◆ Source material
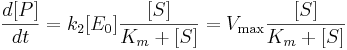 \frac{d[P]}{dt} = k_2[E_0]\frac{[S]}{K_m + [S]} = V_\max\frac{[S]}{K_m + [S]} 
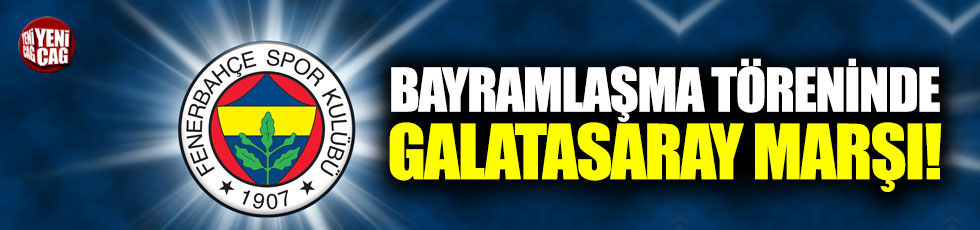 Bayramlaşma töreninde Galatasaray marşı şoku!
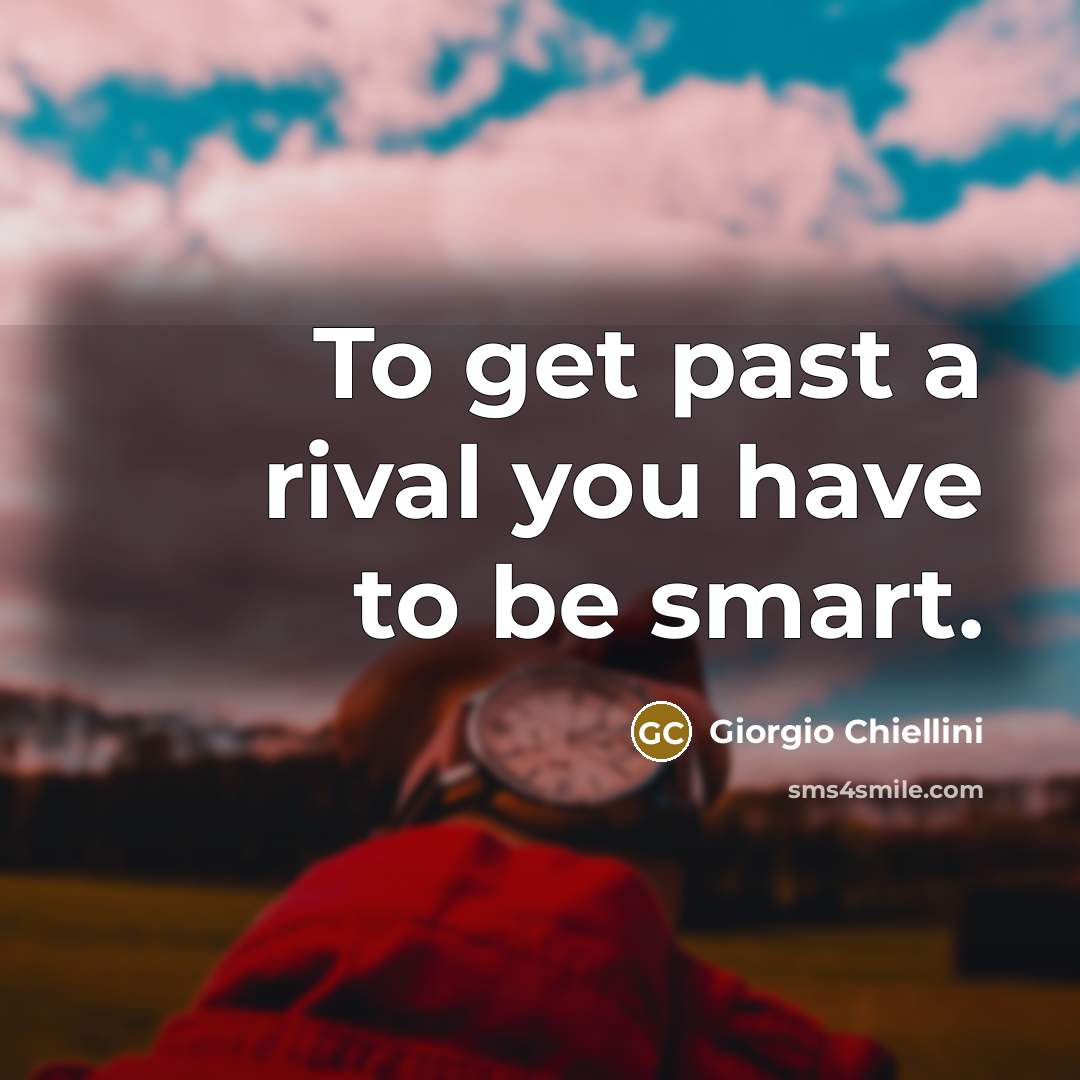 “To get past a rival you have to be smart.…” quote by Giorgio Chiellini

◆ Assignment
Output the listing above exactly, pictures omitted.

◆ Solution below
 \frac{d[P]}{dt} = k_2[E_0]\frac{[S]}{K_m + [S]} = V_\max\frac{[S]}{K_m + [S]} 
 Bayramlaşma töreninde Galatasaray marşı şoku!
 “To get past a rival you have to be smart.…” quote by Giorgio Chiellini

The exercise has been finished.